## [Assigned task]
The records follow. Transcribe only the lines from the line containing "YEYEBF Galaxy A23" through the end, both ends included, and leave out the pictures.

## [Records to use]
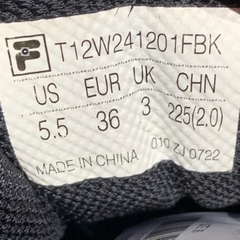 [Fila Fusion QD96 'Black White'] - T12W241201FBK - Size 36 - GIÀY 2HAND CHÍNH HÃNG 23046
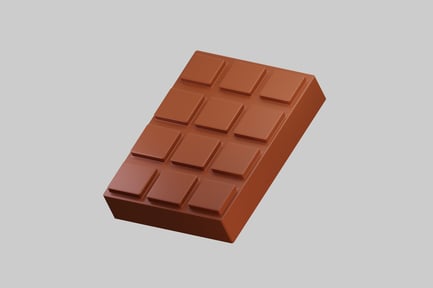 Preview: Milk chocolate bar with squares
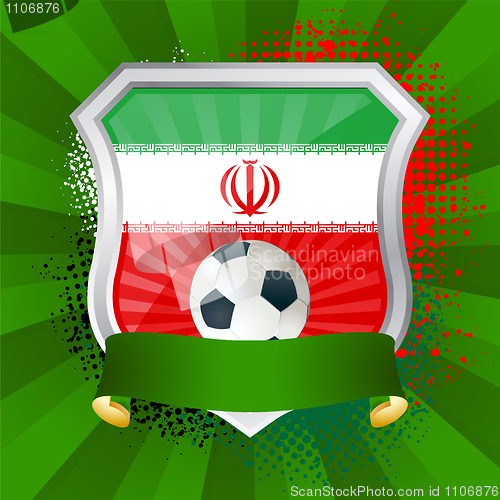 Image of Shield with flag of  Iran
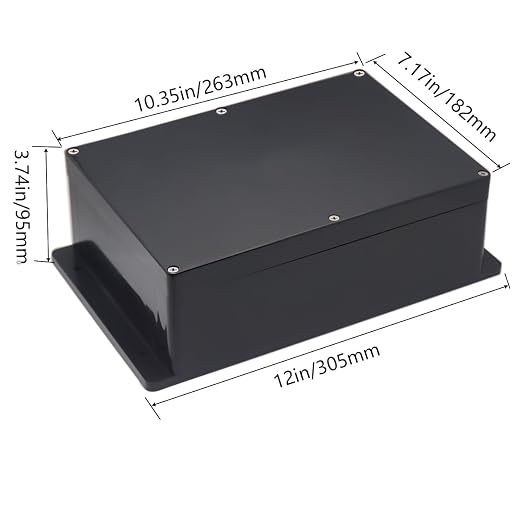 Junction Box IP65 Waterproof ABS Plastic Electrical Project Case Power Junction - Image 2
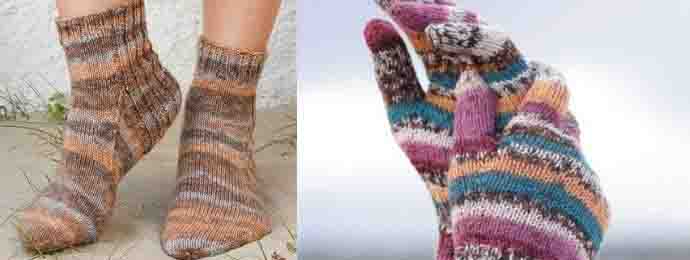 Chaussettes gants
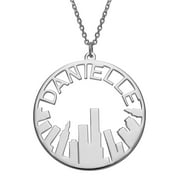 Personalized Cityscape Name Necklace Miami Skyline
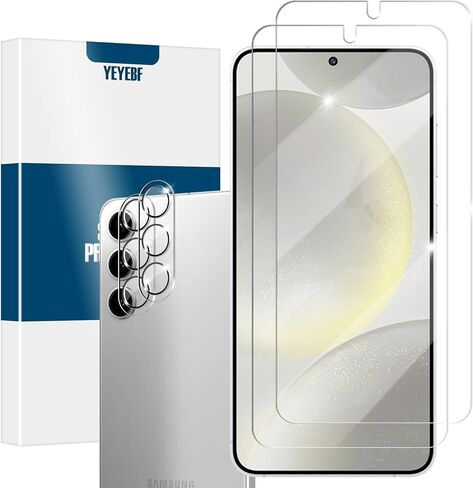 YEYEBF Galaxy A23 HD واقي شاشة من الزجاج المقوى الشفاف + واقيات عدسة الكاميرا، [عبوتان + 2] [مضاد للخدش] [صديق للحافظة] واقي شاشة زجاجي لهاتف Samsung Galaxy A23 in Kuwait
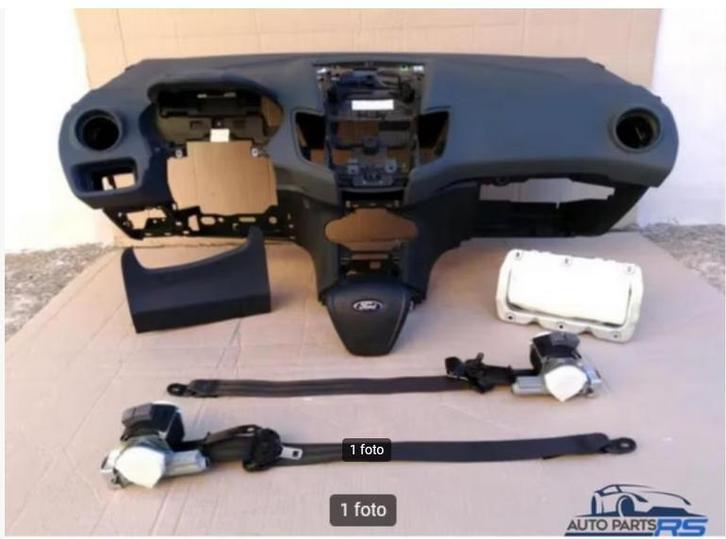 Dashboard + Airbags + Veiligheidsgordels Ford Fiesta mk7, Auto-onderdelen, Dashboard en Schakelaars, Nieuw, Ford, Verzenden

## [Response area]
 YEYEBF Galaxy A23 HD واقي شاشة من الزجاج المقوى الشفاف + واقيات عدسة الكاميرا، [عبوتان + 2] [مضاد للخدش] [صديق للحافظة] واقي شاشة زجاجي لهاتف Samsung Galaxy A23 in Kuwait
 Dashboard + Airbags + Veiligheidsgordels Ford Fiesta mk7, Auto-onderdelen, Dashboard en Schakelaars, Nieuw, Ford, Verzenden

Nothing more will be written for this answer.